Source data
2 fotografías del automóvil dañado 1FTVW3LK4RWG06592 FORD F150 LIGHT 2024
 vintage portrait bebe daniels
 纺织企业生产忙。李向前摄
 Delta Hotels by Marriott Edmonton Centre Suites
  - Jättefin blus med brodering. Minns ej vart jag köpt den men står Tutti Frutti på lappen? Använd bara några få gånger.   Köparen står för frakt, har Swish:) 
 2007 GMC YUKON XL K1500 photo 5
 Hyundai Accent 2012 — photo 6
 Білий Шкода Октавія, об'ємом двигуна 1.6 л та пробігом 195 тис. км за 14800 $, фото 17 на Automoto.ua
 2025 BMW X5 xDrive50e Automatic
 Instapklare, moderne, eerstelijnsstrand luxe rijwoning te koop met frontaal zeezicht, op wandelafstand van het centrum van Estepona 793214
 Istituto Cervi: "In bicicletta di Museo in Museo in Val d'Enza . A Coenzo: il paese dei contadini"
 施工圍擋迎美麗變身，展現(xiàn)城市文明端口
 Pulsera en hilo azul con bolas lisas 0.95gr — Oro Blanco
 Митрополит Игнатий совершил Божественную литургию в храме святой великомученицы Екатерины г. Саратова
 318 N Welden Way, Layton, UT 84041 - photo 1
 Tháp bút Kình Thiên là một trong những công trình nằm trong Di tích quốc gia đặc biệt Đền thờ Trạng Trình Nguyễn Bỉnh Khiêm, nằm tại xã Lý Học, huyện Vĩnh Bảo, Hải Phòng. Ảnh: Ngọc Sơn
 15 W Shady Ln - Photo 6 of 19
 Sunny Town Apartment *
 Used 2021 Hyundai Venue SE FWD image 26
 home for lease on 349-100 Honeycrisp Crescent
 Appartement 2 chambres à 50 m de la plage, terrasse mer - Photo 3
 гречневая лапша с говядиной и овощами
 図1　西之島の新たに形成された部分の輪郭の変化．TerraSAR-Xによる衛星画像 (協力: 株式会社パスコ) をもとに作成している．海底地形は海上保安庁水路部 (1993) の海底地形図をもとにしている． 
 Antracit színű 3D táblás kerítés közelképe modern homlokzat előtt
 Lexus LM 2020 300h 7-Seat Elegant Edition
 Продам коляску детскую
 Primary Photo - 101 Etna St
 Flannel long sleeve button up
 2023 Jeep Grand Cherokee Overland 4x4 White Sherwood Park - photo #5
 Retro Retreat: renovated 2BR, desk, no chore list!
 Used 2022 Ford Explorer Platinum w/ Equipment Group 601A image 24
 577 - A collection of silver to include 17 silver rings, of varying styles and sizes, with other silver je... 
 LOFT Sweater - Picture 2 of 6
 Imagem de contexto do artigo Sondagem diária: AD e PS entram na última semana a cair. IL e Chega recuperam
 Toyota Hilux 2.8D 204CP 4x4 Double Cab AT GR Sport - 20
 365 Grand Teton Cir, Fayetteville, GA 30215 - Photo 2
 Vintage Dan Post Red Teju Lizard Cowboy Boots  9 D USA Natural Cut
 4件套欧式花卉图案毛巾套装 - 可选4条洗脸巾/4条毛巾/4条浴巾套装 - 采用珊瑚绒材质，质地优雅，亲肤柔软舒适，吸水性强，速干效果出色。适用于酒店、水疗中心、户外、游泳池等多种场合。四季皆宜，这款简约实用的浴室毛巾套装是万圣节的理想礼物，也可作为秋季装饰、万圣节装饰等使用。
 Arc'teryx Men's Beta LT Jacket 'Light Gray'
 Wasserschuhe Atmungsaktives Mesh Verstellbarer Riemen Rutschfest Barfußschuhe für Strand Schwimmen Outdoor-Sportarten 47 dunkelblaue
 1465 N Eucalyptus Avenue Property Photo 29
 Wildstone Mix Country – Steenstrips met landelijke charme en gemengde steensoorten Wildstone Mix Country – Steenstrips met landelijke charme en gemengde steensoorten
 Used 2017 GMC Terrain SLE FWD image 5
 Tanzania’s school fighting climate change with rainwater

Directions
Return each line above precisely as written.

Output of the task
2 fotografías del automóvil dañado 1FTVW3LK4RWG06592 FORD F150 LIGHT 2024
 vintage portrait bebe daniels
 纺织企业生产忙。李向前摄
 Delta Hotels by Marriott Edmonton Centre Suites
  - Jättefin blus med brodering. Minns ej vart jag köpt den men står Tutti Frutti på lappen? Använd bara några få gånger.   Köparen står för frakt, har Swish:) 
 2007 GMC YUKON XL K1500 photo 5
 Hyundai Accent 2012 — photo 6
 Білий Шкода Октавія, об'ємом двигуна 1.6 л та пробігом 195 тис. км за 14800 $, фото 17 на Automoto.ua
 2025 BMW X5 xDrive50e Automatic
 Instapklare, moderne, eerstelijnsstrand luxe rijwoning te koop met frontaal zeezicht, op wandelafstand van het centrum van Estepona 793214
 Istituto Cervi: "In bicicletta di Museo in Museo in Val d'Enza . A Coenzo: il paese dei contadini"
 施工圍擋迎美麗變身，展現(xiàn)城市文明端口
 Pulsera en hilo azul con bolas lisas 0.95gr — Oro Blanco
 Митрополит Игнатий совершил Божественную литургию в храме святой великомученицы Екатерины г. Саратова
 318 N Welden Way, Layton, UT 84041 - photo 1
 Tháp bút Kình Thiên là một trong những công trình nằm trong Di tích quốc gia đặc biệt Đền thờ Trạng Trình Nguyễn Bỉnh Khiêm, nằm tại xã Lý Học, huyện Vĩnh Bảo, Hải Phòng. Ảnh: Ngọc Sơn
 15 W Shady Ln - Photo 6 of 19
 Sunny Town Apartment *
 Used 2021 Hyundai Venue SE FWD image 26
 home for lease on 349-100 Honeycrisp Crescent
 Appartement 2 chambres à 50 m de la plage, terrasse mer - Photo 3
 гречневая лапша с говядиной и овощами
 図1　西之島の新たに形成された部分の輪郭の変化．TerraSAR-Xによる衛星画像 (協力: 株式会社パスコ) をもとに作成している．海底地形は海上保安庁水路部 (1993) の海底地形図をもとにしている． 
 Antracit színű 3D táblás kerítés közelképe modern homlokzat előtt
 Lexus LM 2020 300h 7-Seat Elegant Edition
 Продам коляску детскую
 Primary Photo - 101 Etna St
 Flannel long sleeve button up
 2023 Jeep Grand Cherokee Overland 4x4 White Sherwood Park - photo #5
 Retro Retreat: renovated 2BR, desk, no chore list!
 Used 2022 Ford Explorer Platinum w/ Equipment Group 601A image 24
 577 - A collection of silver to include 17 silver rings, of varying styles and sizes, with other silver je... 
 LOFT Sweater - Picture 2 of 6
 Imagem de contexto do artigo Sondagem diária: AD e PS entram na última semana a cair. IL e Chega recuperam
 Toyota Hilux 2.8D 204CP 4x4 Double Cab AT GR Sport - 20
 365 Grand Teton Cir, Fayetteville, GA 30215 - Photo 2
 Vintage Dan Post Red Teju Lizard Cowboy Boots  9 D USA Natural Cut
 4件套欧式花卉图案毛巾套装 - 可选4条洗脸巾/4条毛巾/4条浴巾套装 - 采用珊瑚绒材质，质地优雅，亲肤柔软舒适，吸水性强，速干效果出色。适用于酒店、水疗中心、户外、游泳池等多种场合。四季皆宜，这款简约实用的浴室毛巾套装是万圣节的理想礼物，也可作为秋季装饰、万圣节装饰等使用。
 Arc'teryx Men's Beta LT Jacket 'Light Gray'
 Wasserschuhe Atmungsaktives Mesh Verstellbarer Riemen Rutschfest Barfußschuhe für Strand Schwimmen Outdoor-Sportarten 47 dunkelblaue
 1465 N Eucalyptus Avenue Property Photo 29
 Wildstone Mix Country – Steenstrips met landelijke charme en gemengde steensoorten Wildstone Mix Country – Steenstrips met landelijke charme en gemengde steensoorten
 Used 2017 GMC Terrain SLE FWD image 5
 Tanzania’s school fighting climate change with rainwater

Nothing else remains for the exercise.